Supermarket firms Sainsbury’s and Asda have admitted that they were part of a dairy price-fixing group that earned about £270m ($550m) extra from shoppers.
The supermarkets, along with a number of dairy firms, have agreed to pay fines totalling some £116m ($240m) after an Office of Fair Trading (OFT) probe.
Cases against Tesco and Morrisons will continue after no deal was struck.
The OFT said that in-store prices went up after the collusion, but the amount received by farmers did not increase.
However, the firms insist that the farm gate price paid for milk did rise and that they were not ripping off customers.
The OFT said the collusion saw customers being charged 3 pence extra for a pint of milk, 15p extra per quarter-pound of butter and 15p per half-pound of cheese, the watchdog said.
In September, the OFT provisionally found evidence of collusion by 10 firms to set prices during 2002 and 2003.
Now Sainsbury’s and Asda have admitted price-fixing of milk and cheese, as has Safeway – before it was bought by Morrisons.
Safeway has also admitted colluding on the price of butter.
Dairy processors Dairy Crest, the Cheese Company and Wiseman also reached agreement with the watchdog.
Having admitted liability in principle, they now face smaller fines as a result, the OFT has said.
Another dairy firm, Arla, has been given immunity from fines if it continues to co-operate with the investigation.
But Tesco, Morrisons and the dairy firm Lactalis McLelland are challenging the OFT findings.
Sainsbury’s, which has agreed to pay a £26m fine, said its price initiatives in 2002 and 2003 “were designed to help British dairy farmers at a time of considerable economic pressure and public debate about whether farmers were getting a fair price for their products”.
“We shared what we intended to do in a very public way as far as retail prices were concerned with our suppliers. They shared that with some of our competitors, and it’s that that broke the rules,” chief executive Justin King told the BBC.
“There is no suggestion that what took place was an attempt to make more profit. In fact what actually happened was that higher prices were paid to farmers.”
An Asda spokesman said there were “regrets” at the firm, but that its intention “was to provide more money for dairy farmers, who were under severe financial pressure at the time”.
Meanwhile, Tesco said it was “vigourously” defending its position, which it said was different from its rivals.
“As we have always said, we acted independently and we did not collude with anyone,” said executive director Lucy Neville-Rolfe.
Dairy Crest, which will pay £9.4m, said that the pricing policy occurred in the aftermath of the foot-and-mouth outbreak.
“The implementation of these initiatives was very well publicised at the time and received widespread support including strong political backing,” it said.

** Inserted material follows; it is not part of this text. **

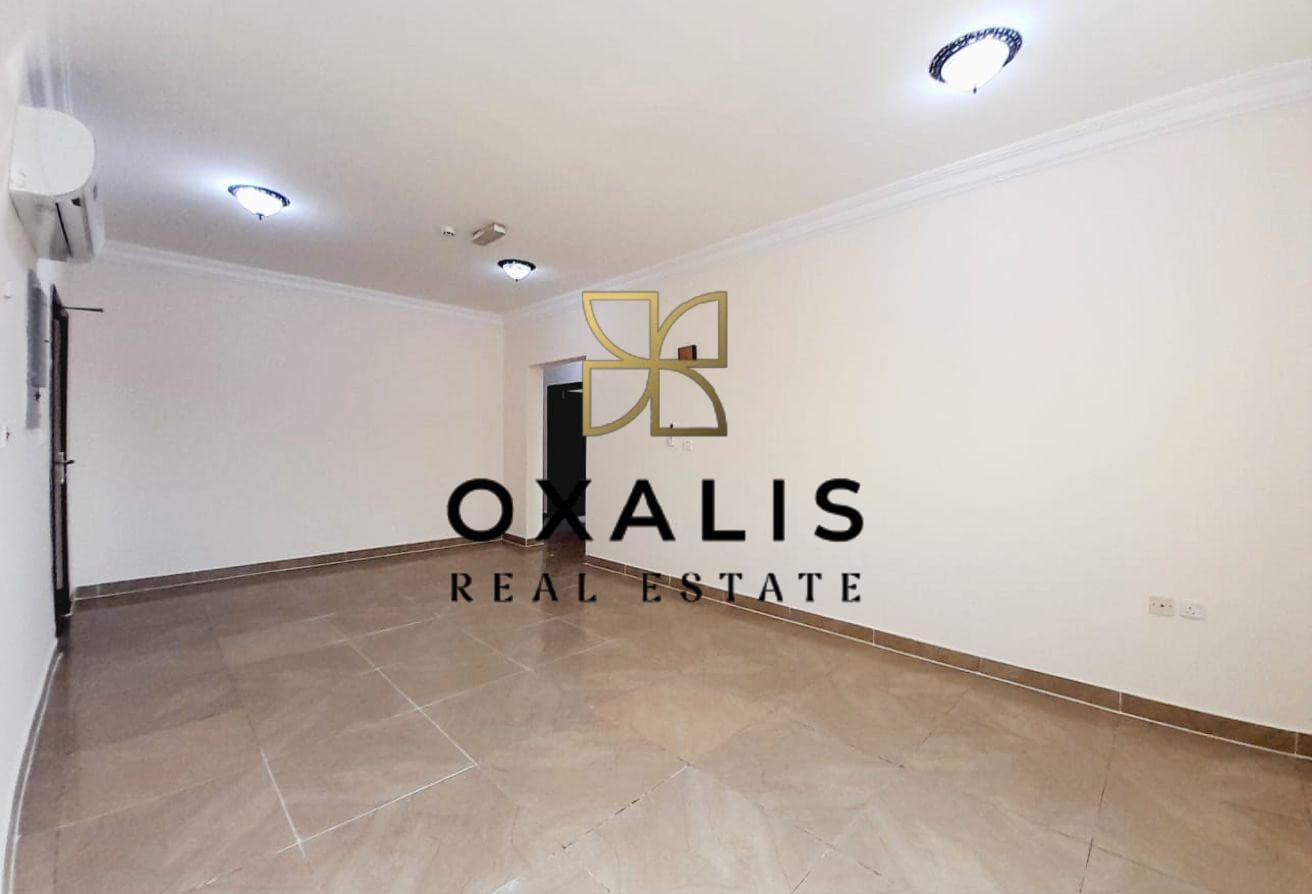 BRIGHT AND SPACIOUS 3 BHK UNFURNISHED | LAST UNIT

Wiseman Dairies, which faces a £6.1m bill, said that “every penny of additional revenues paid to Wiseman was passed directly to our suppliers”.
“Whilst we are disappointed with the outcome of the investigation, this agreement removes a long shadow hanging over the company,” chairman Alan Wiseman said.
The National Farmers’ Union (NFU) did not want to comment on the OFT announcement.
“This was a period of time that was extremely difficult for dairy farmers when prices were very low for a sustained period and there was great pressure on dairy companies and retailers for a farm gate price increase,” an NFU spokesman said.
“We are pleased to say that the price for milk is now significantly higher, largely due to changes in the global market.”